Calmly, Rafael turned to face the older man. “I will not see this Council used for
any
man’s private purposes.” With the slight emphasis, he indicated,
Including mine.
“I believe this is now a private affair between Damian Deslucido, myself, and Taniquel, Queen Regent of Acosta.”
“So you have named her,” Damian Deslucido said in a voice taut with suppressed anger. “But words cannot make her anything other than an obstinate girl-child who would leave a whole countryside in smoking ruins rather than submit to proper authority. When you lend your name to her cause, Hastur, you do her grave injury.”
“It is not
I
who have done her injury,” Rafael replied temperately. “And as you all can see, she is no child but
comynara
in her own right.”
“She is a woman!” one of the lords grumbled. “Who has no voice here.”

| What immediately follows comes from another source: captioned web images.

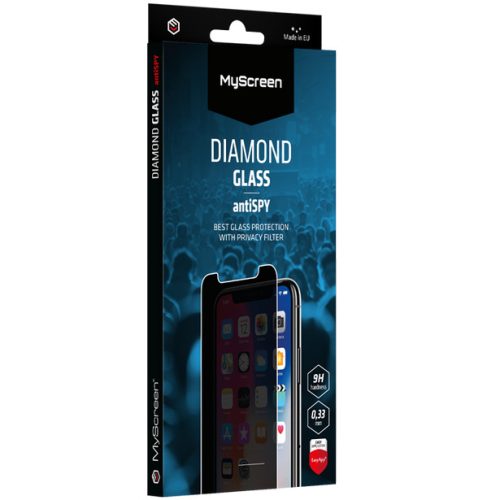 Samsung Galaxy S25 Ultra SM-S938, Kijelzővédő fólia, ütésálló fólia (az íves részre NEM hajlik rá!), Tempered Glass (edzett üveg), MyScreen Diamond Antispy Glass, Clear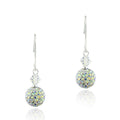 Sterling Silver Aurora Borealis Crystal Fireball Drop Earrings - Elegant Jewelry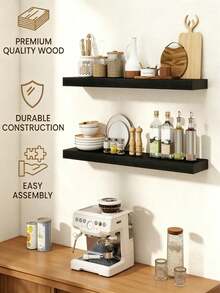 1pc Hanging Storage Racks, Solid Wood Shelves, Wall-Mounted Display Racks, Space-Saving With Both Decorative And Storage Functions, Suitable For Living Rooms, Bedrooms, Bathrooms And Kitchens; Wall-Mounted Bookshelves, Wall Storage Racks - Multiple Specifications - View 7
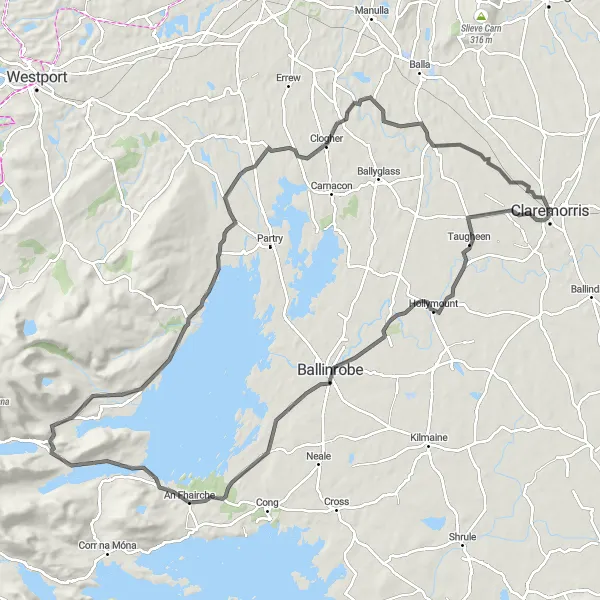 Map miniature of "Claremorris to Hollymount Loop" cycling inspiration in Northern and Western, Ireland. Generated by Tarmacs.app cycling route planner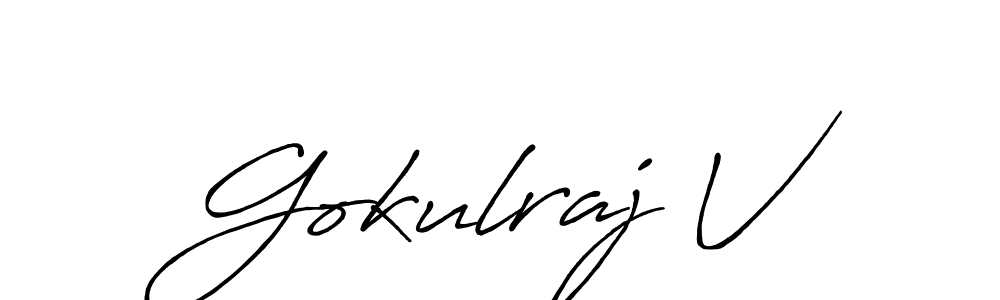 Antro_Vectra_Bolder is a professional signature style that is perfect for those who want to add a touch of class to their signature. It is also a great choice for those who want to make their signature more unique. Get Gokulraj V name to fancy signature for free. Gokulraj V signature style 7 images and pictures png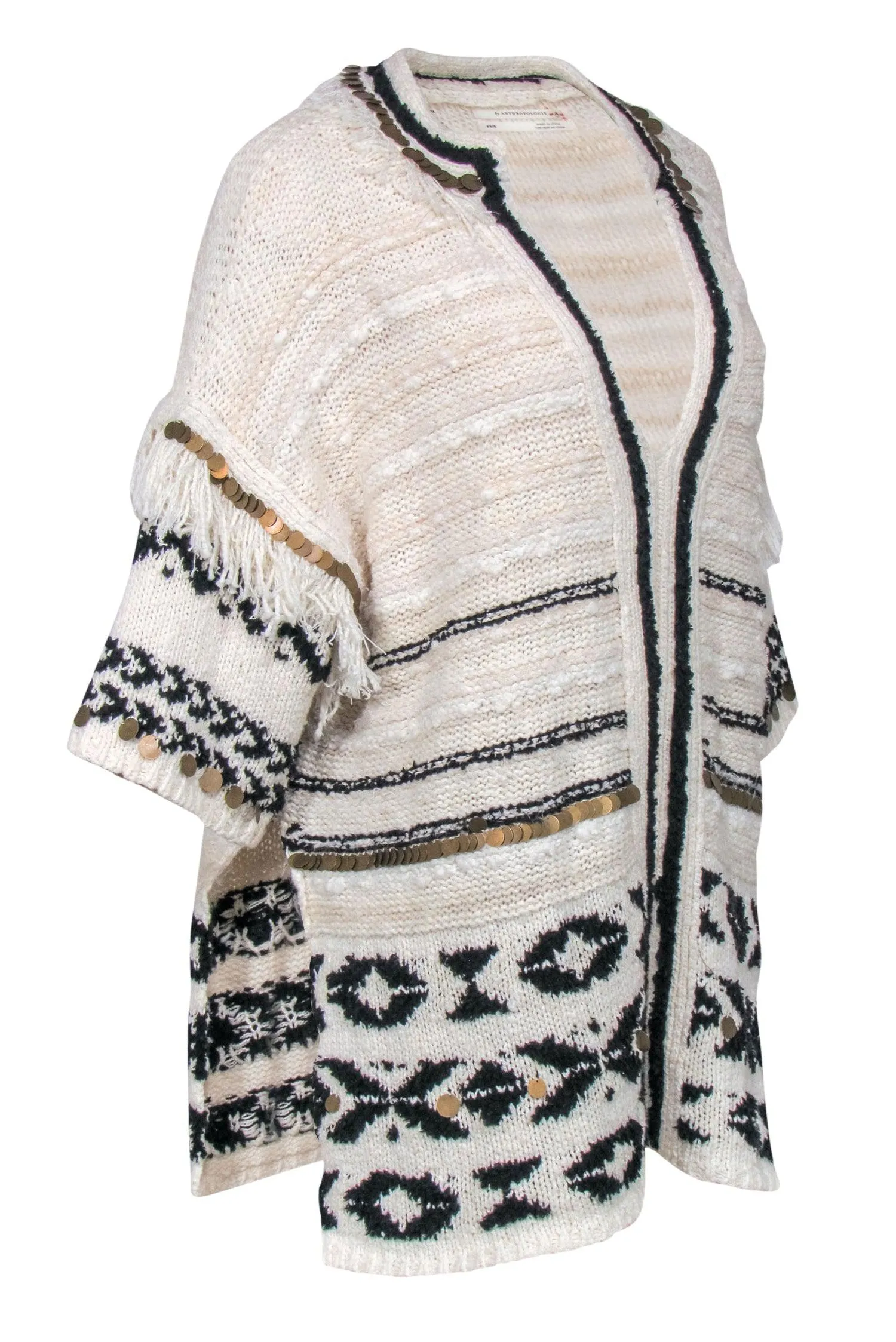 Anthropologie - Ivory & Black Tunic Sweater w/ Fringe & Embellished Trim Sz XS/S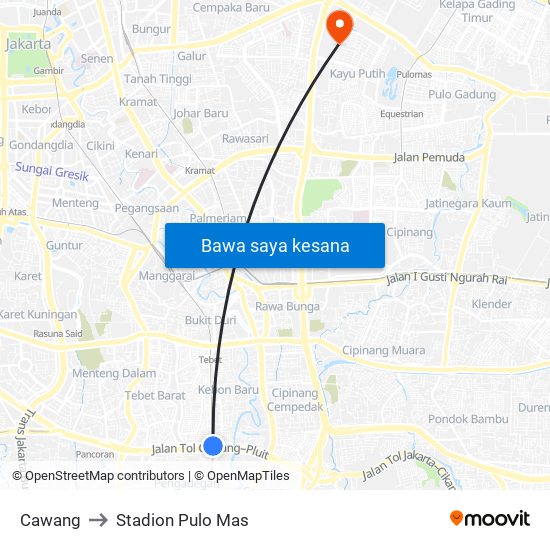 Cawang to Stadion Pulo Mas map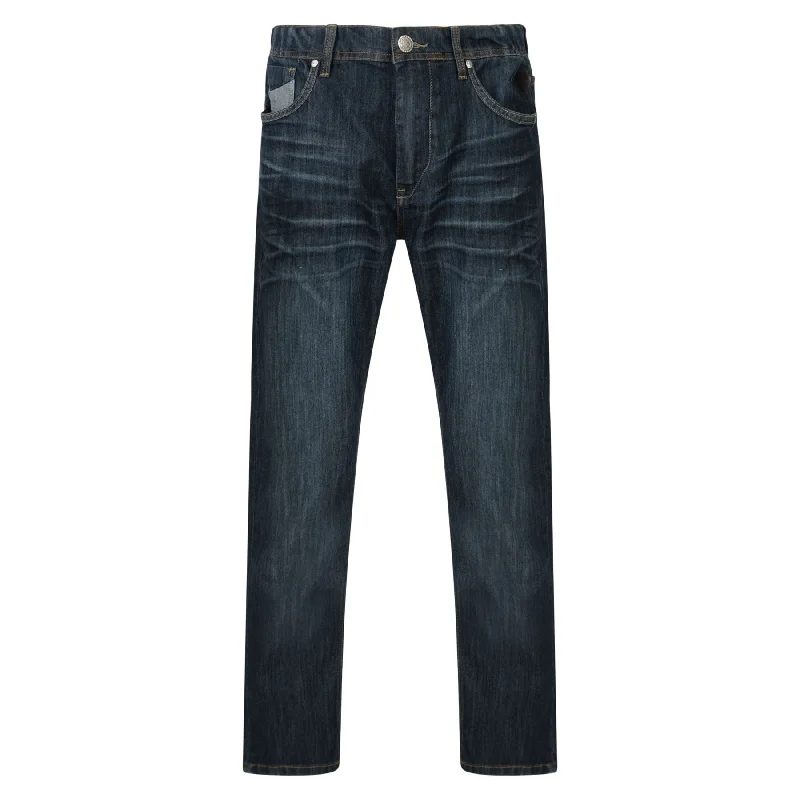 KAM Mens Regular Fit Stretch Indigowash Jeans (Rory)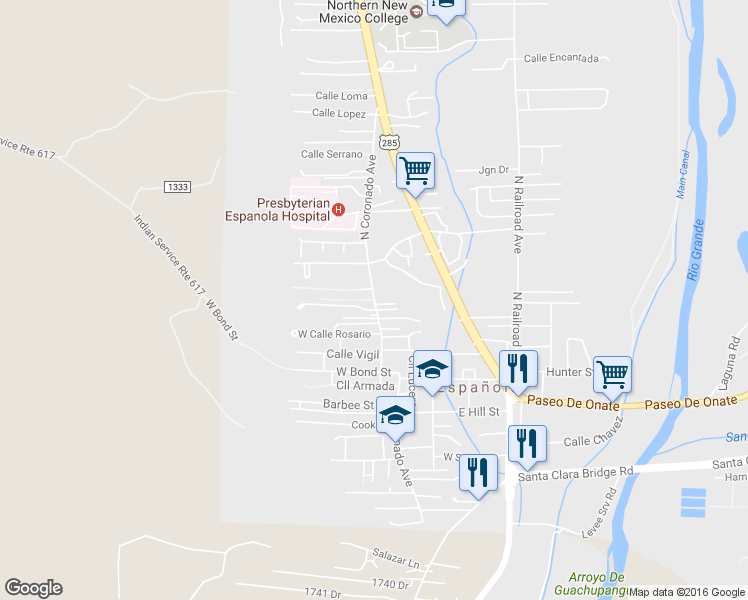 map of restaurants, bars, coffee shops, grocery stores, and more near 333 N Coronado Ave in Espanola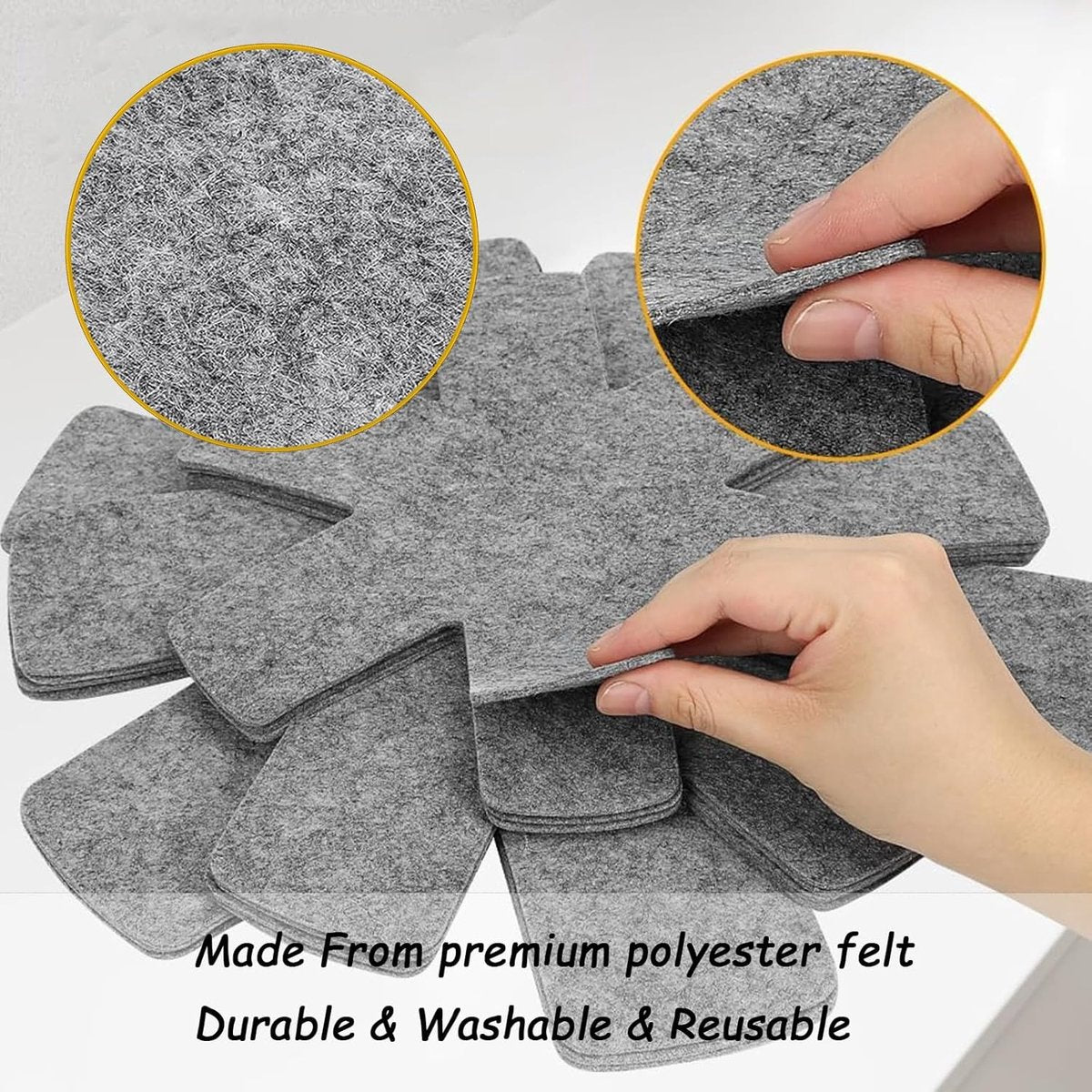 6 pieces - Pot holders - 38 cm - Pot protectors - Felt pot holders - coasters - felt pot protectors - cookware protector - kitchen utensils - for stacking pots, frying pans, ceramic pots, induction, glassware - grey - Image 4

“Husband or kinsman must speak for her, although I don’t much care which,” another said.
The Aillard lady, who had until now remained silent, stirred. “My lords, if you are saying that
no woman
may speak in this Council, you had best reconsider your words.”
The second speaker, whose lands bordered the powerful Aillard Domain, closed his mouth.
“What say you,
vai domna?
” the old chief asked Taniquel. “Will you join in this Hastur rebellion against the Council?”
“Deslucido invaded my country,” she replied, “seized the castle by trickery, slaughtered its rightful king, and attempted to force me into an unwelcome marriage with his son. But the rightful King of Acosta, the
di catenas
son of Padrik, son and true heir of Ian-Valdir, lives. For his sake, I will not give up my claim, not for a hundred Council verdicts. The gods have seen fit to bless me with the support of my kinsman.”
“So be it!” Damian slapped his palm flat on the table and sprang to his feet. “You will regret those proud words, lady. On the battlefield, in chains. Acosta is mine by the will of the gods. Never will I permit you or your
kinsman,
” he spat out the word, “to diminish the glorious kingdom I have built with my own two hands.” He bowed to the assembly. “
Vai domyn,
I thank you for your support. But I have no choice but to enforce it myself.” With a jangle of spurs, he strode from the room.